Tidal energy projects offer a predictable renewable energy source. Therefore several sites around the coast of the United Kingdom (UK) have been identified to have the potential to host multiple array turbine developments that could be used to generate upwards of 100MW each.
However, the high tidal energy environment required to provide the input to tidal power devices present a combination of design and installation challenges to developers and engineers. Whilst the water depths are comparable to offshore oil and gas projects in the southern North Sea, tidal energy projects present significantly different seabed and associated geotechnical challenges that require novel solutions.
Concerns have been expressed regarding the design of turbine base structures, which is often based upon typical nearshore/offshore soil sampling and geotechnical laboratory testing techniques that are often inappropriate for the seabed materials encountered. This issue is further compounded by the design constraints imposed on the base structure foundations (e.g. tripod gravity base structures). These include strict leveling tolerances required for efficient turbine operation, and which require a detailed understanding of seabed bathymetry at each turbine location where multiple seabed contact points may be required.

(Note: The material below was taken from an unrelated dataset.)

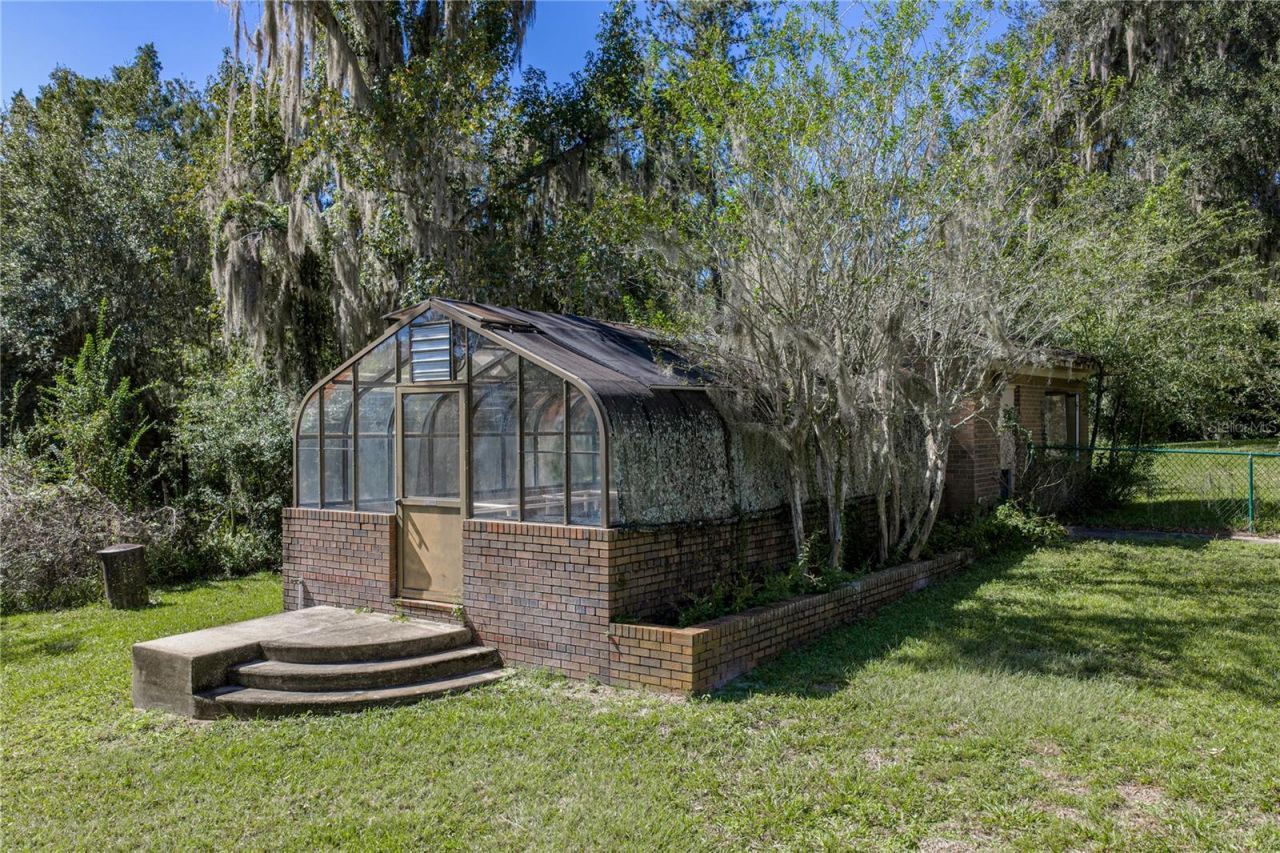18728 Lake Iola Road, Dade City, FL 33523 Photo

In addition to the tidal energy turbines, inter-array cables that connect the turbines and export cable routes which distribute the power to shore also present their own design and installation challenges. It is often overlooked, but significant uncertainty lies in the definition of cable corridors with respect to the seabed materials. In many cases burial may be considered as a means of product protection where seabed conditions allow.

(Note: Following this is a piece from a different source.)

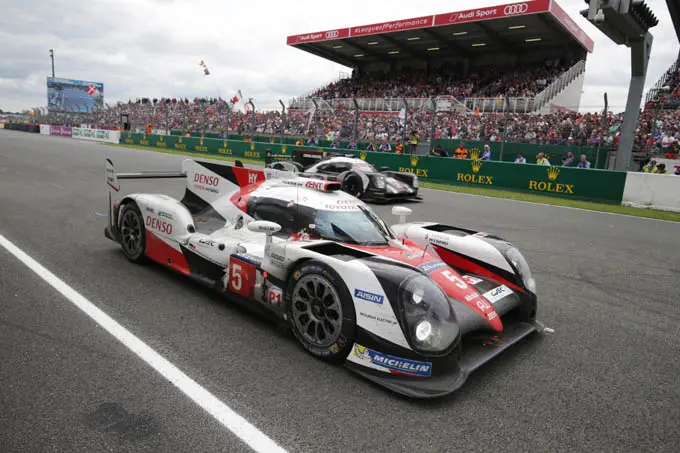 toyota gazoo racing rx finishlijn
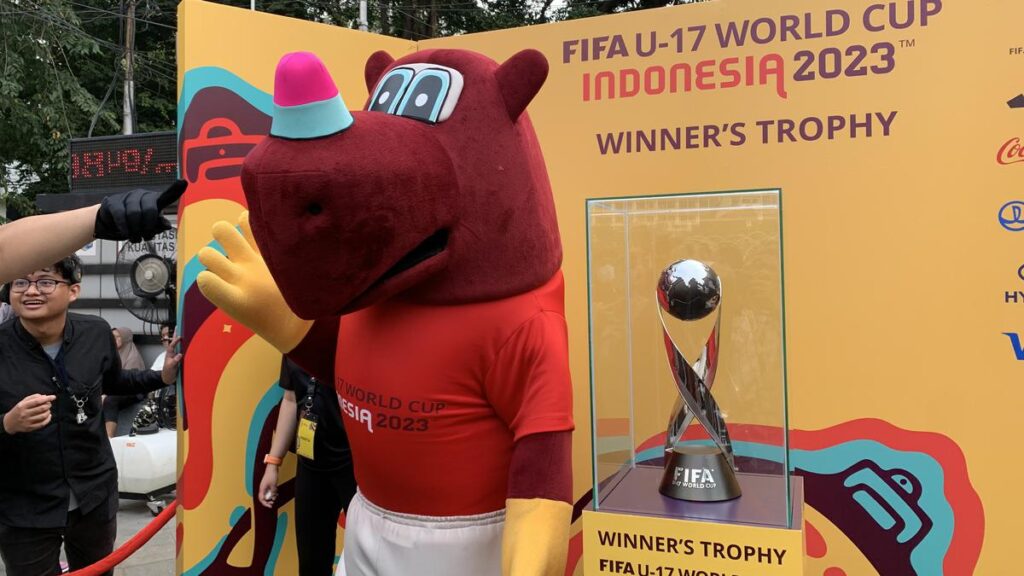 Trofi Piala Dunia U-17 2023 Dipamerkan di Bundaran HI, Masyarakat Sambut Antusias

This paper aims to examine the geotechnical issues associated with the difficult seabed and environmental conditions present at typical tidal turbine sites in the UK and globally in an attempt to offer some potential solutions. These issues typically include; difficulties in performing site investigation operations, coarse mobile seabed sediments, challenging seabed topography, exposed bedrock and hard substrates, derivation of appropriate geotechnical parameters, difficulties in foundation design and installation, high cyclic environmental loading, array and export cable lay, on-bottom stability and mechanical protection, amongst others.